Но когда она увидела, что на Аглае Петровне тоже неновый синий халат и голубая вязаная кофточка, тоже старая и даже заштопанная на локте синей шерстью, то сразу успокоилась.
В столовой на круглом столе, накрытом белой скатертью, стояли три прибора. Машенька сейчас же достала из буфета четвертый.
Сначала в высокие рюмки было налито розовое вино. Аглая Петровна, разглядывая свою рюмку на свет, сказала с какой-то горделивой печалью:
— Вот, милые мои. Двадцать третий год на сцене.
— За тысячу двести двадцать пятую свадьбу! — провозгласила Машенька, высоко поднимая рюмку.
— Да. Пора остепениться, — продолжала мать. — До полутора тысяч дотяну и перейду на солидные роли, где замуж уже не выходят. Ну, выпьем!
Вытирая губы салфеткой, Василий Андреевич сказал:
— Ну-ну. Только без заунывных интонаций. Не для того мы учредили юбилейные ужины, чтобы горевать об уходящем. Все приходит и уходит. Надо жить так, чтобы находить радость даже там, где, кажется, ее и быть не может. Как только ты перестанешь на сцене выходить замуж, мы начнем отмечать что-нибудь другое. Например, твоих сценических детей, потом внуков. Интересно, сколько их наберется?
Слушая его, Аглая Петровна улыбалась усталой домашней улыбкой, которой никогда раньше Женя не замечала у нее.

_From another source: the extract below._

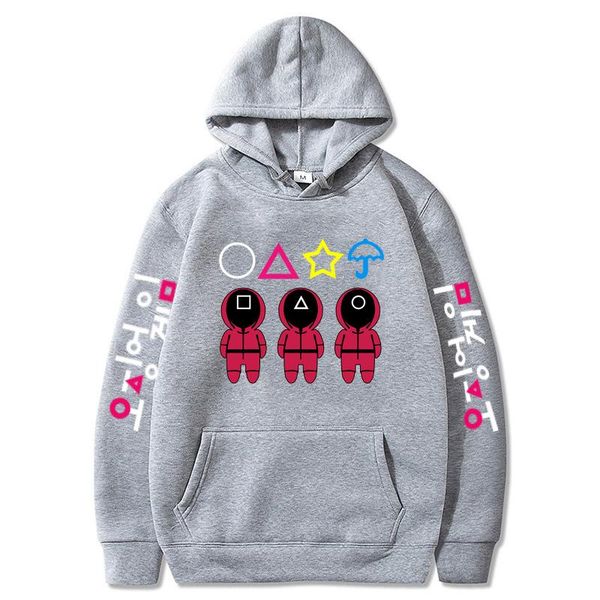 

men's hoodies & sweatshirts hooded squid game men women pullovers fashion hip hop autumn casual boys girls outwear, Black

Можно было подумать, что она играет роль милой, внимательной хозяйки. Но она никого не играла, Тихая грусть светилась в ее красивых глазах, когда она говорила Жене:
— Я привыкла быть всегда подтянутой. Даже когда одна, надо держаться так, словно ты на сцене. Это только сначала утомительно, а потом не замечаешь. И никогда не показывайте усталости. Вот как я сегодня. Ну, у меня «переходный возраст», последние молодые роли доигрываю. А вы, наверно, там все думаете, что у меня скверный характер. Думаете ведь?
Женя созналась:
— Думаем.
— Ну и думайте на здоровье. У вас-то все впереди.
— Все мне это говорят так, будто я в чем-то виновата.